- [What to work on]: Once the line holding "Glass Semi Flush Mount, Green" appears, repeat it and each line after it to the end of the data, exactly and with nothing else; pictures stay out.

- [Material provided]:
☆ ☆ ☆ ☆
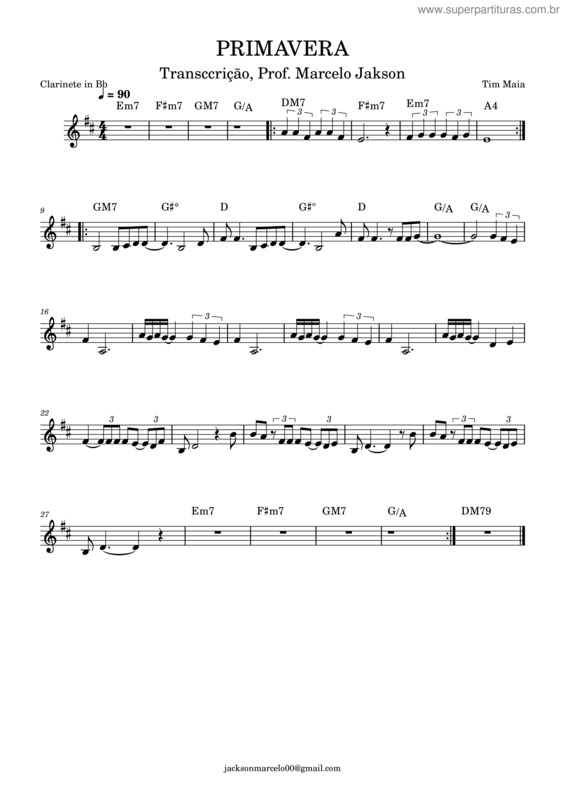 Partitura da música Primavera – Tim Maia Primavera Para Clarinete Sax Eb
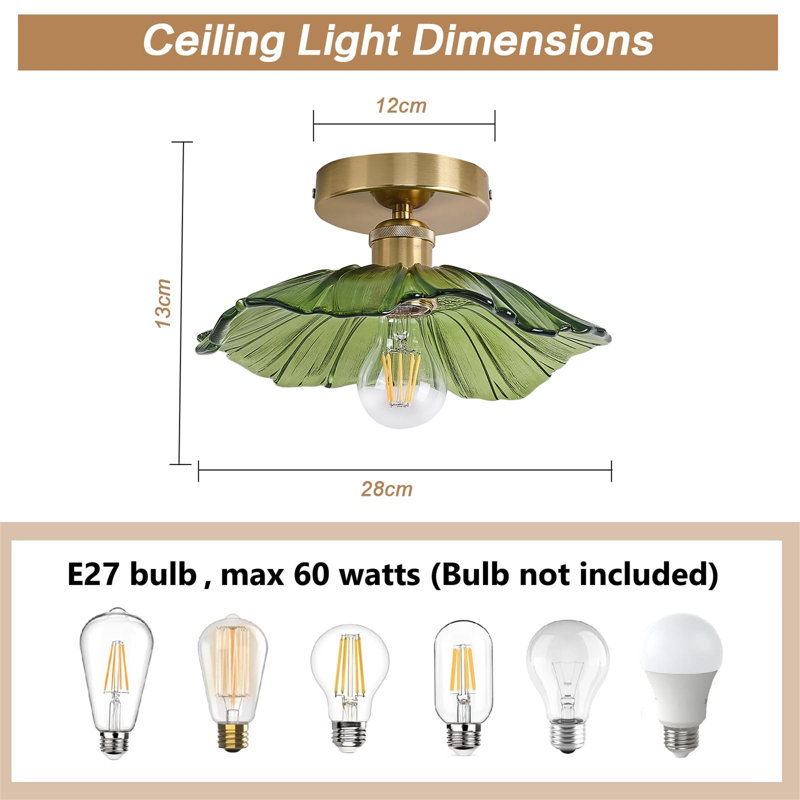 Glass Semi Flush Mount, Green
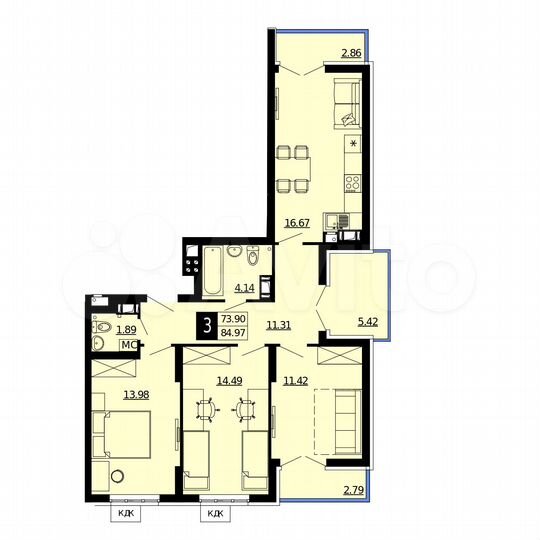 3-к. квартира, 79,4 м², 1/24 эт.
☆ ☆ ☆ ☆
- [Response for this exercise]:
 Glass Semi Flush Mount, Green
 3-к. квартира, 79,4 м², 1/24 эт.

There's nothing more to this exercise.